(Web page caption snippets)
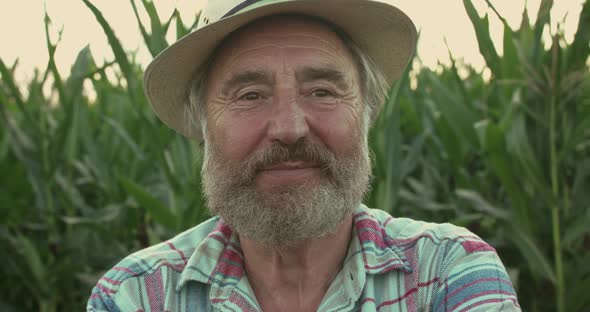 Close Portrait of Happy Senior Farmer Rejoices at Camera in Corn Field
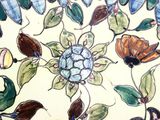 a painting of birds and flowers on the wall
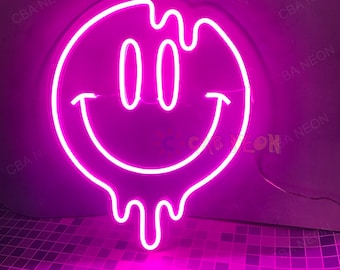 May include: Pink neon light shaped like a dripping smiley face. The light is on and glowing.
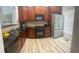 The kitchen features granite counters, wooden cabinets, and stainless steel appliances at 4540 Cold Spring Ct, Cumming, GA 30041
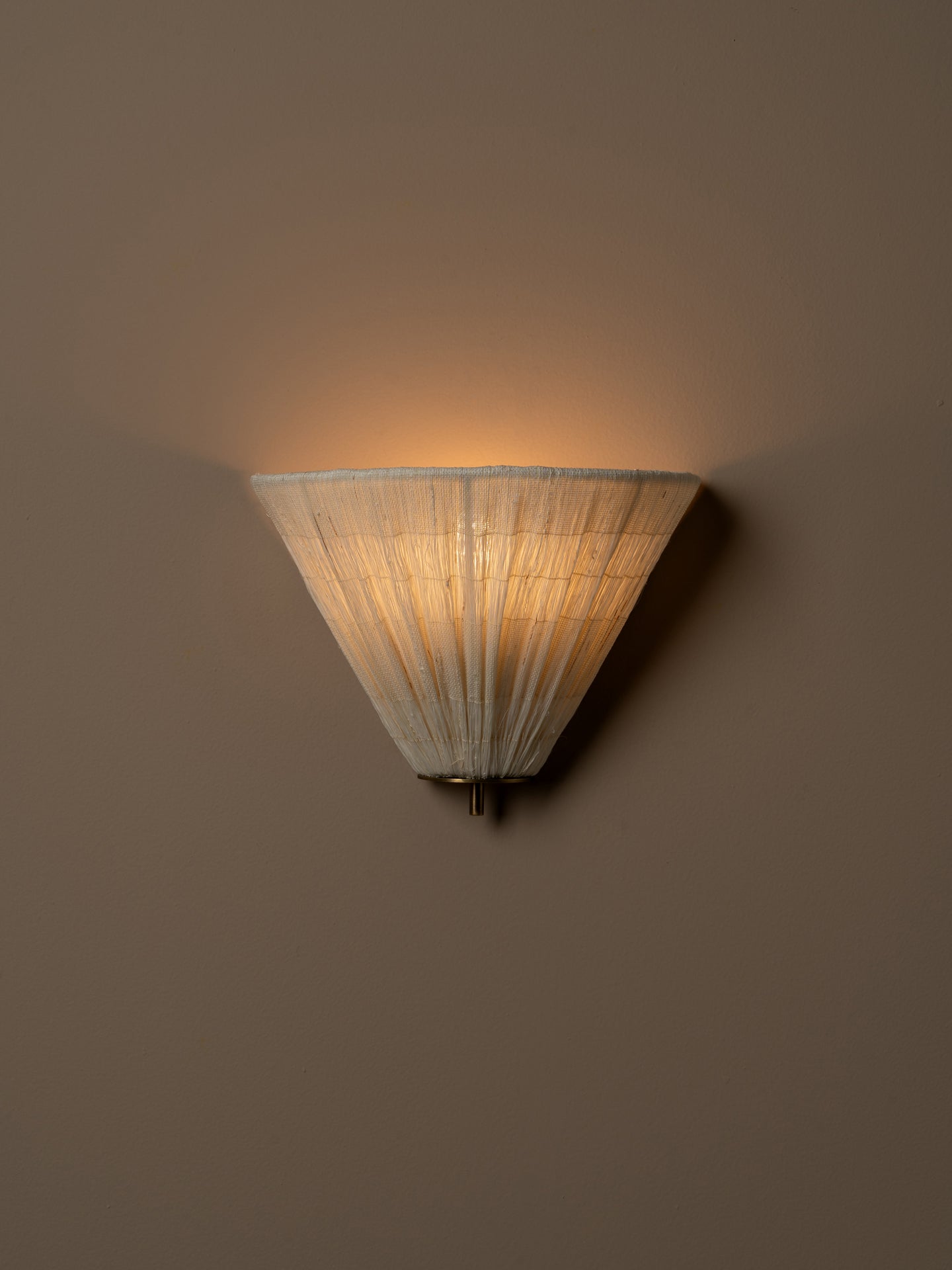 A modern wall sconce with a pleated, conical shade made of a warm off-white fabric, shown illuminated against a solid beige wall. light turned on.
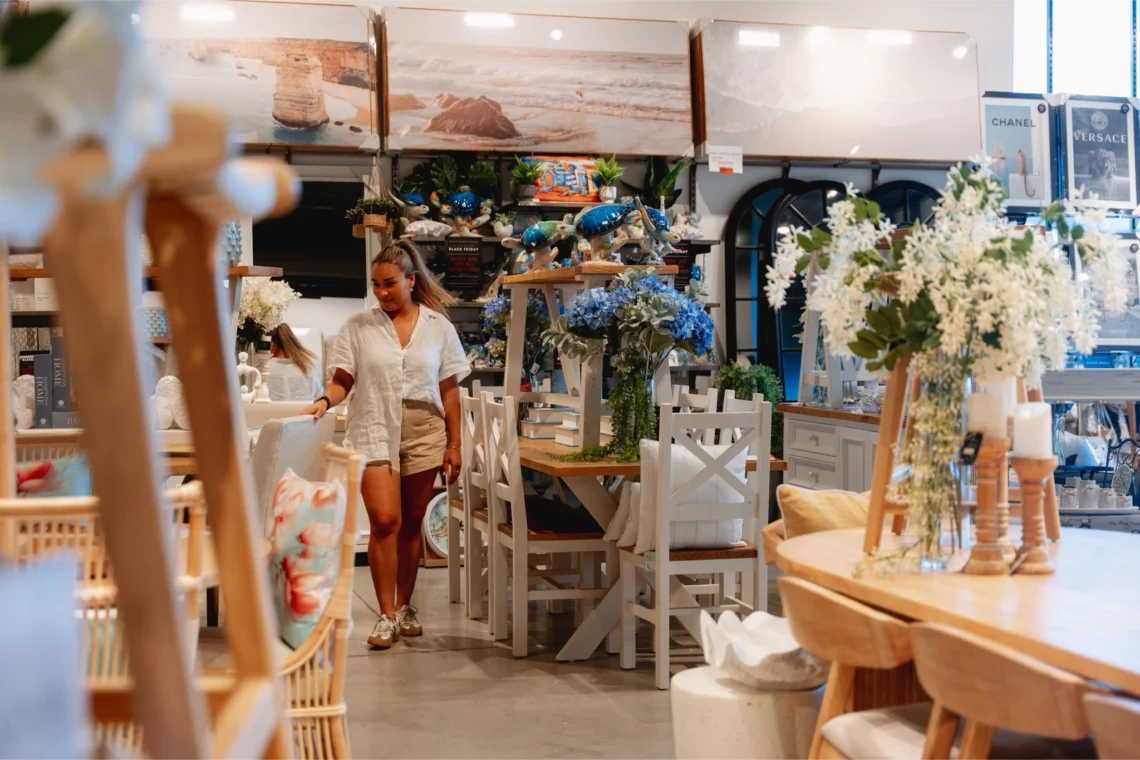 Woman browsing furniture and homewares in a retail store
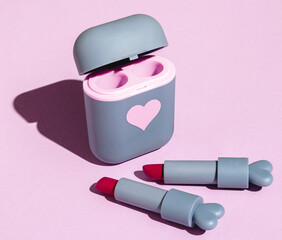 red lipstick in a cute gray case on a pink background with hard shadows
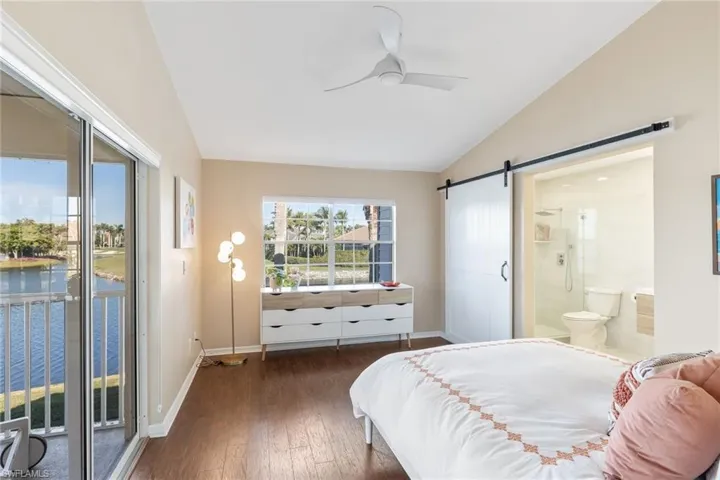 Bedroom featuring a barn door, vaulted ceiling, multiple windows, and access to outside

- _ACTIVITY_
Repeat each line above exactly as it reads, omitting any pictures.

- _EXERCISE OUTPUT_
 Close Portrait of Happy Senior Farmer Rejoices at Camera in Corn Field
 a painting of birds and flowers on the wall
 May include: Pink neon light shaped like a dripping smiley face. The light is on and glowing.
 The kitchen features granite counters, wooden cabinets, and stainless steel appliances at 4540 Cold Spring Ct, Cumming, GA 30041
 A modern wall sconce with a pleated, conical shade made of a warm off-white fabric, shown illuminated against a solid beige wall. light turned on.
 Woman browsing furniture and homewares in a retail store
 red lipstick in a cute gray case on a pink background with hard shadows
 Bedroom featuring a barn door, vaulted ceiling, multiple windows, and access to outside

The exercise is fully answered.